Le royaume d’Annam possède une armée régulière et permanente qui a son mode de recrutement, en outre une milice locale qu’on lève dans les provinces selon les besoins de l’état de guerre ou de paix, mais ordinairement pour les défendre des exactions des pirates ou des irruptions des gens des montagnes (moï). Son système financier se traduit en impôts de diverses sortes portant les uns sur les personnes, les autres sur les produits de la terre, en taxes sur quelques métiers et professions, et en contributions pour le service militaire. Cette organisation, on le voit, ne le cède en rien à celle de beaucoup d’états européens. La perception de ces impôts se fait en argent ou en nature : elle est confiée aux autorités locales, qui, par une combinaison ingénieuse, sont intéressées à lui faire produire le plus possible, parce que l’excédant de la quotité de recettes due au trésor royal reste à leur disposition et leur permet de pourvoir aux besoins de la localité.

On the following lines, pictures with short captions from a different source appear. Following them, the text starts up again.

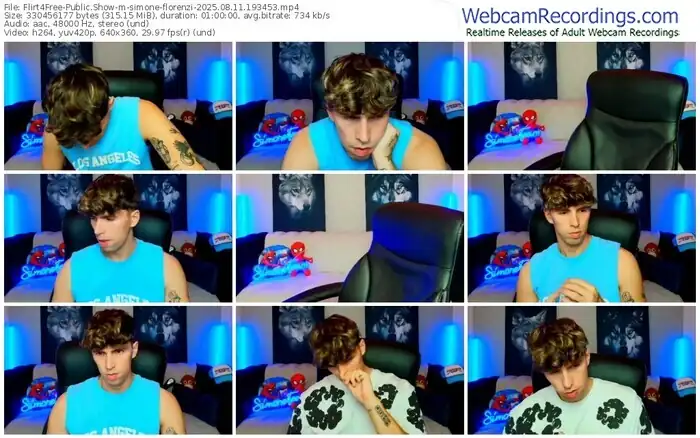 2025/08/11/flirt4free-simone-florenzi-19-34-53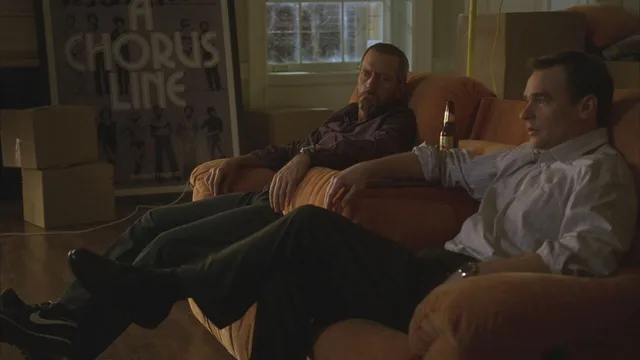Dr. House - Medical division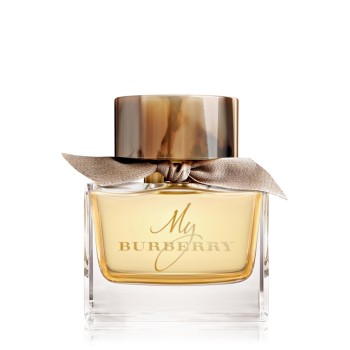 Burberry My Burberry Eau de parfum - 07 - 80004581|C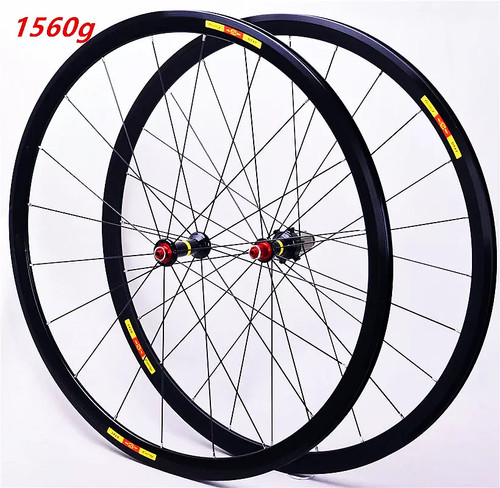 700c aluminum alloy reflective - alloy,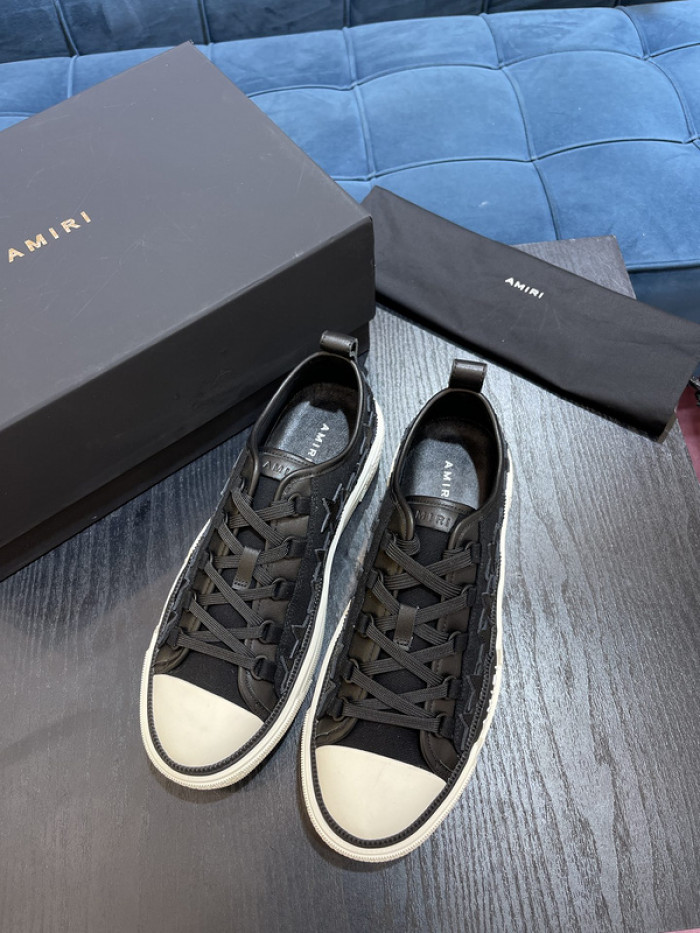 A*MIRI SNEAKERS MA-18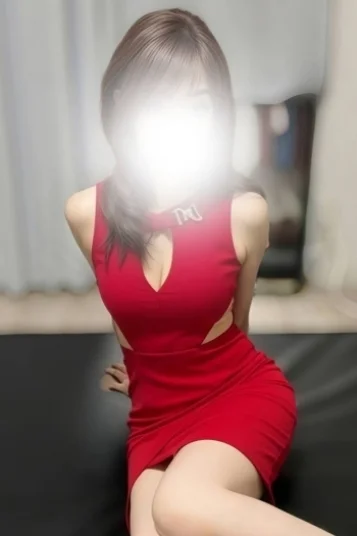 高梨　ひとみ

La division territoriale de la province comprenait, avant l’occupation française, des centres de population de diverse importance, correspondant à nos départemens, à nos arrondissemens, à nos cantons et à nos communes. Chacune de ces circonscriptions avait à sa tête un fonctionnaire d’un grade proportionné à son étendue, et qui était chargé de l’administrer civilement et judiciairement[1]. Le système communal est resté fortement constitué. La commune est régie par trois fonctionnaires, dont deux, élus par les notables,

  1. Le phu ou préfet avait sous ses ordres un huyen ou sous-préfet; chaque phu administre deux arrondissemens, dont l’un par lui-même directement, l’autre par l’entremise de son sous-préfet.